OU’s budget priorities remain the same: taking care of its employees, staying affordable for the students it serves and ensuring long-term fiscal viability. All three priorities must work in concert with one another. To that end, it is important to understand the challenges facing higher education, particularly in Michigan:
- The upcoming enrollment cliff: OU relies primarily on two sources for revenue: tuition dollars and state funding. While state funding is expected to remain modest over the next five years, with projected increases of only 1-2%, the number of high school graduates in the state will decrease dramatically in the coming years. This demographic shift presents a compounded problem for OU, where 96% of undergraduates come from Michigan. This anticipated future loss in tuition revenue must continue to be planned for to avoid budget cuts in the future. It also is imperative that OU plan tuition increases at a modest level to ensure affordability for its students.

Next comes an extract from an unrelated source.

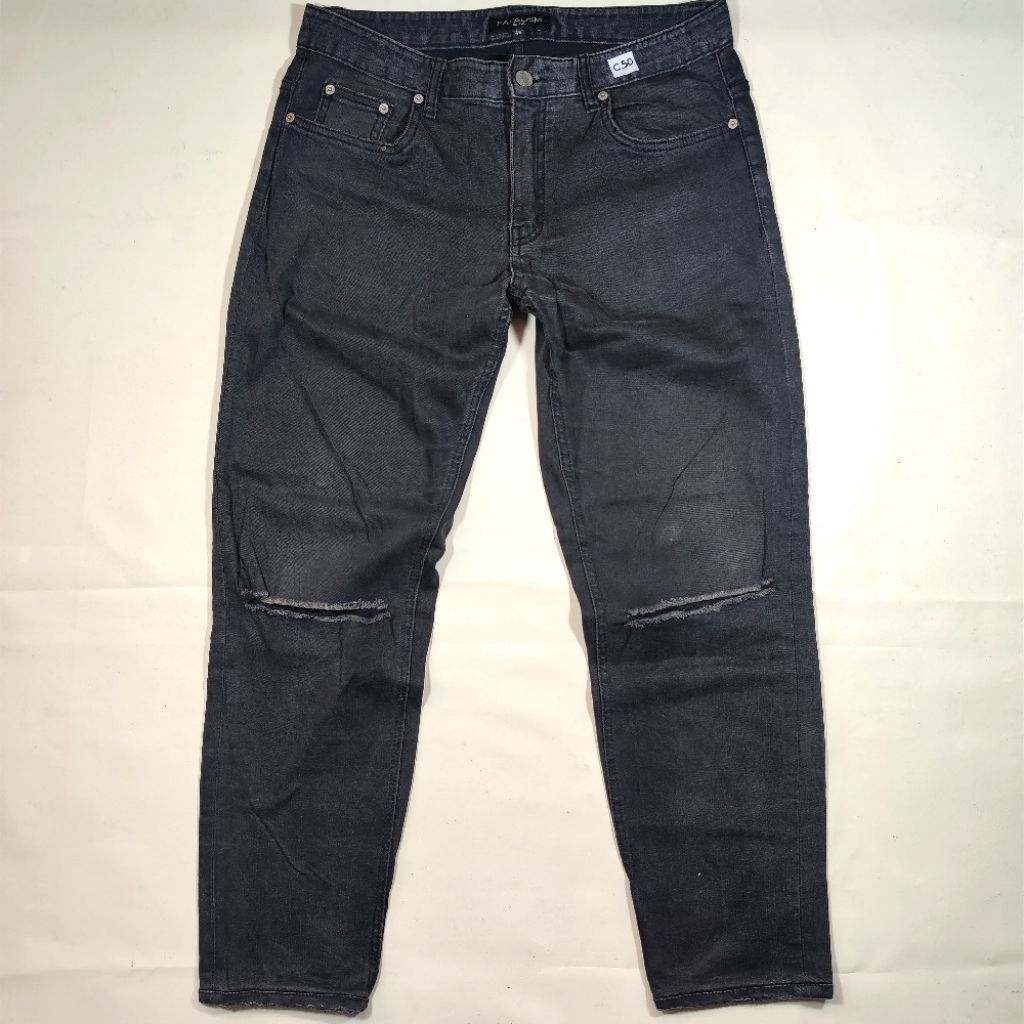 (PERHATIKAN DESKRIPSI) FATALISM DISTRESSED BLACK STRETCH JEANS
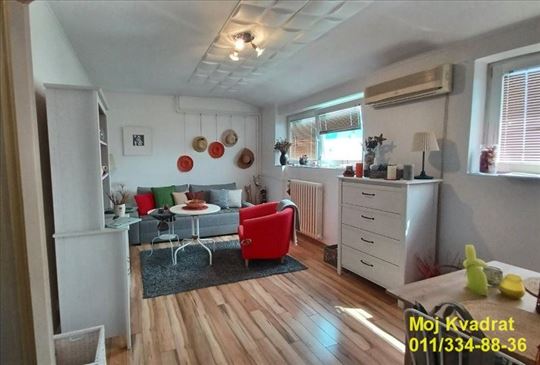 Rakovica, Skojevsko naselje - Luke Vojvodića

- The impact of Michigan’s free community college program: As the state of Michigan rolls out its free community college program this fall, one of the unintended consequences experts are concerned about is the impact that will have on the state’s regional four-year schools, including OU. Many students, particularly those in Oakland and Macomb counties, may choose to attend community college instead, causing a decline in OU’s enrollment and the resulting loss in tuition revenue. Again, keeping tuition reasonable is crucial, as OU does not want to price out students who may choose community college for their first and second years.

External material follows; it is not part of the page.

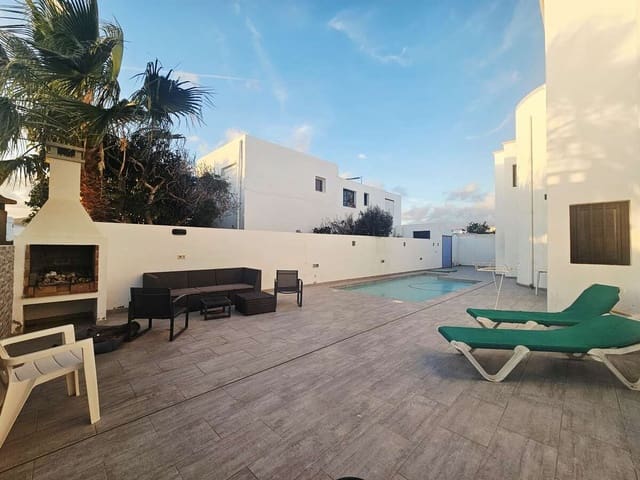 5 sypialnia Willa do wynajęcia w Tahiche, Teguise z basenem garażem - 2 600 € (Ref: 9636250)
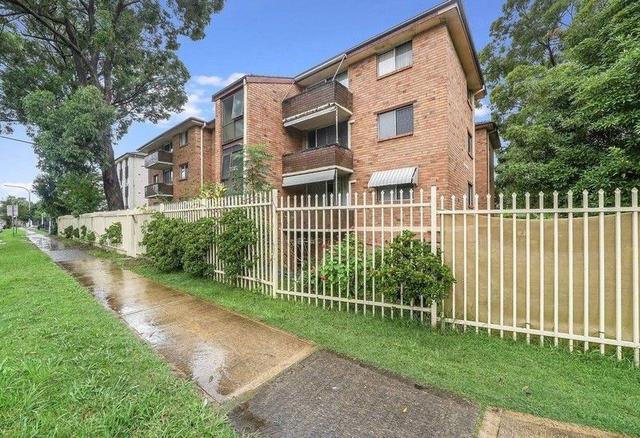 1/21 Lachlan St, NSW 2170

- The appropriate use of OU’s reserves: The University’s unrestricted reserves were just more than $200 million as of Fiscal Year 2023. Our reserves have grown over time in concert with the growth of the University. This has been accomplished through prudent fiscal management, favorable market performance, and spending restraint. There are many reasons why it is essential to maintain sufficient reserves, not the least of which is to be able to fund operations during times of economic uncertainty. Maintaining OU’s credit rating and outlook is also key to maintaining appropriate reserve balances. The National Association of College and University Business Officers recommends institutions have reserves sufficient to cover 90-180 days’ worth of operating expenses. Of the $200 million of unrestricted reserve balances, only about $50 million is not already designated or committed for use. Using this figure, the University could cover roughly 45 days of its operating expenses. As mentioned, much of the reserves are already committed to how they can be spent (for example, some donor gifts have directed uses, some of our reserves are invested to fund deferred maintenance and other portions are divisional designated funds that while not “restricted” are earmarked by the department or unit in which they exist). Committing to permanent and ongoing budget allocations (such as salary increases) where the funding source is one-time money (such as reserves) could put OU in the precarious position of having to make further budget cuts considering economic headwinds.
To be sure, these negotiations are occurring as the country continues to face inflationary pressures. OU acknowledges the difficulty this has caused for many of its employees, including faculty. It has caused significant challenges to the institution as well.
Looking at all these factors, OU remains committed to all its employees, including faculty, who are critical to the institution’s success. OU is eager to find a sustainable economic solution with OU-AAUP that rewards faculty without putting the university into a significant budget deficit by dangerously depleting its reserves or by raising tuition to the detriment of our students and our overall tenuous enrollment trajectory.